4.       Data Cleansing:

Applying the required data cleansing rules to get access to the relevant data. The cleansing process should be lightweight.

5.       Data Processing:

Data processing should be business mission and customer-centric. It should also allow for parallel processing with minimal cost.

6.       Data Retention:

It should comply with business requirements and IT regulations. The organization should focus on identifying useful information to ensure minimal data loss.

7.       Data Archiving:

It should happen with the regulatory requirements of the business and various organizations. It should be cost effective and efficient.

8.       Data Purging:

This process should be done with most care to avoid data loss, the organization must clearly define which information is useful and discard irrelevant information.

Conclusion

Many enterprises wanted to reap the benefits of IoT solutions. Nevertheless, without having a proper IoT Governance model, it’s very likely to failure of the mission. The IoT model needs to develop with a technical strategy and EA to maintain the standards. Security and data privacy are a key reason for the failure of an IoT solution, so IoT governance models and the process should be within the security concerns of the organization.

References

  • Andrew Hobbs. (n.d.).
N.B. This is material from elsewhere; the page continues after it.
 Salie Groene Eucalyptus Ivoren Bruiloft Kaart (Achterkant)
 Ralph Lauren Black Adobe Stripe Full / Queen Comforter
Retrieved from https://internetofbusiness.com/5-ways-the-internet-of-things-is-transforming-businesses-today/
  • Andrew Hobbs. (n.d.). Retrieved from https://internetofbusiness.com/10-steps-to-a-successful-business-case-for-iot/
  • IBM Developers. (n.d.). Retrieved from https://developer.ibm.com/articles/iot-governance-01/#define-your-iot-governance-processes-and-policies
  • Karyan Murphy. (n.d.). Retrieved from https://www.sas.com/en_us/insights/articles/data-management/iot-success-depends-on-data-governance-security-privacy.html
  • Rahul Kode. (n.d.). Retrieved from https://www.saviantconsulting.com/blog/5-ways-how-iot-and-analytics-help-enterprises.aspx
  • US Department of Defense. (n.d.). DoD Policy Recommendations for IoT.